Data Obfuscation Definition

Data Obfuscation consists of changing sensitive data or identifying a person (PII). With the aim of protecting confidential information in non-productive databases. A successful obfuscation is when the data maintains referential integrity. As well as its original characteristics, which guarantees that the development, testing, and installation of the applications are successful.

The other name for Data Obfuscation is Data Masking. There are also other terms that use together with data Obfuscation, such as data scrubbing, de-identification, depersonalization, data scrambling, etc. And the list goes on.

In Data Obfuscation, the format of the data remains the same. Only the value changes. The change of data includes different ways such as encryption, character mixing, or word substitution.

Uses

The use of this technique is in non-productive environments. Which in comparison to production have less security protection, so they are more prone to information leaks.

We can think that the greatest risk of compromising our information happens from outside to inside the company. And for that reason, we invest in perimeter security, without denying the need to protect our network.

We see in many cases that malicious people expose the information from inside with internal access who find unprotected data. It is appropriate to ask:

  • Who can see my business data in non-productive environments?
  • Are the people who test, develop, certify my applications are employees or outsourcing?

Considerations for Data Obfuscation

The following are some of the things you should keep in mind when designing or choosing a sensitive data Obfuscation solution :

Not reversible:

It should not be possible to recover the original sensitive data once the data masking process has occurred. If it is possible to reverse the process to recover sensitive data again, this does not fulfill the purpose for which it is performed in data masking.

The masked data should resemble the production data:

This is one of the key points that need to be considered. The data should resemble live data because otherwise, the tests may not be valid. Therefore, when we design or purchase a solution for masking sensitive data, this point is one of the first that you should consider.
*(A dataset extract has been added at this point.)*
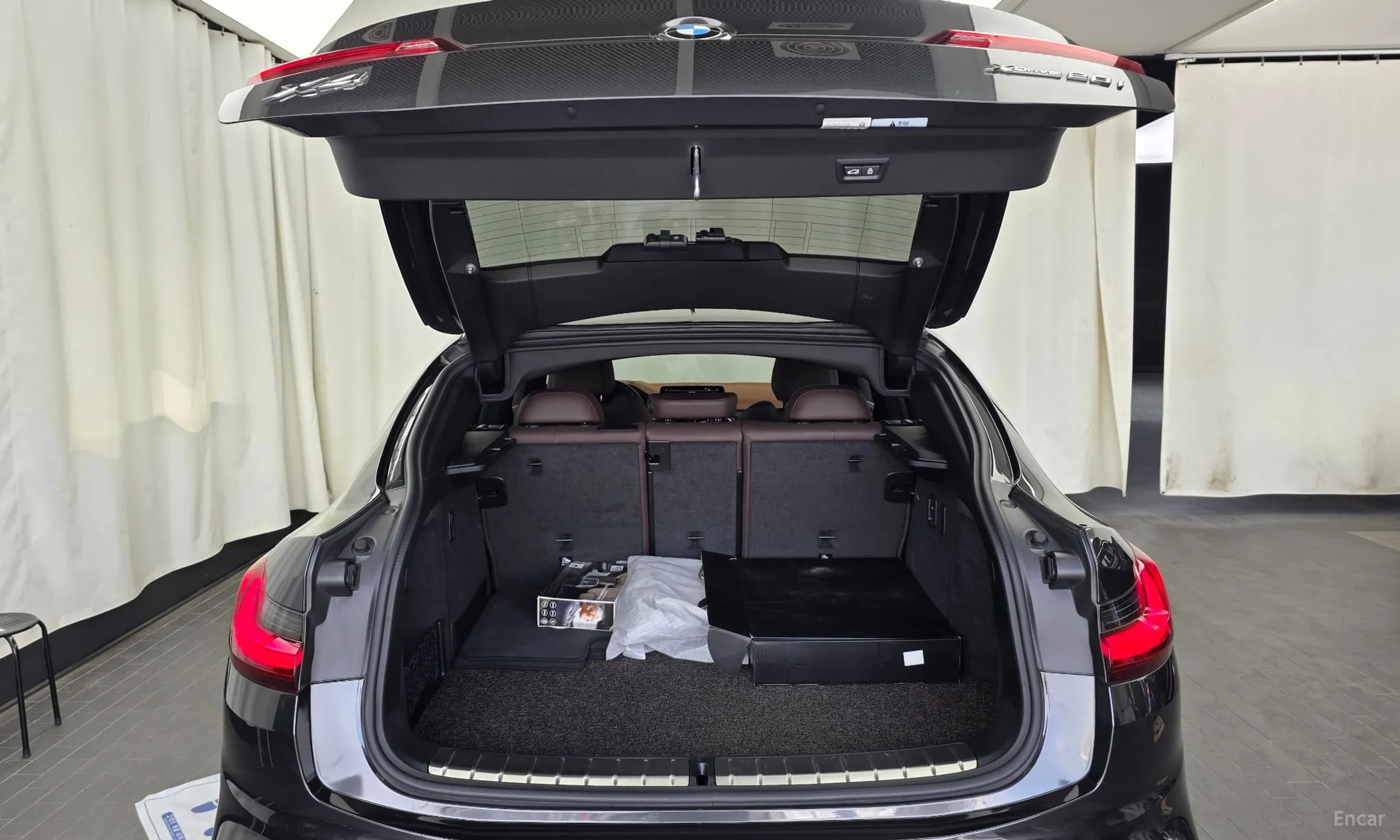 X4 (G02)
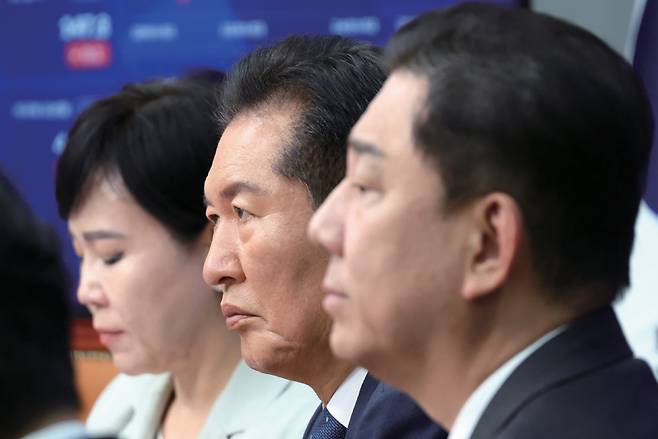 정청래 더불어민주당 대표(가운데)가 9월12일 서울 여의도 국회에서 열린 최고위원 회의에 참석해 있다. 좌우는 전현희 최고위원, 김병기 원내대표 ⓒ시사저널 박은숙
Maintenance of referential integrity:

If the data field that is being manipulated is a primary key. Any foreign key that refers to this primary key must also do so with the masked data. Otherwise, referential integrity is not maintained, and there will be a foreign key in some table that does not correspond to any primary key.

Repeatable:

Data Obfuscation must be a repeatable process. Production data changes frequently, sometimes in a few hours. If the data masking solution supports masking only once, it may cause a problem, because new records added may not be masked.

Database Integrity:

In addition to maintaining referential integrity. The data Obfuscation solution should also be able to take into account triggers, keys, indexes, etc. You should be able to discover the relationships between the different objects in the database automatically and you should be able to maintain their status accordingly.

Masking of pre-packaged data:

While buying a data Obfuscation solution, you should also look for the help of having pre-packaged masked data for general requirements. Such as credit card numbers, social security numbers, etc. The solution in question should have examples of data prepared.

Keep this in mind that it is not an exhaustive list of features. These are just some features that we believe should consider. Most commercial solutions today have many more features, and you should do a thorough evaluation before choosing your data masking solution.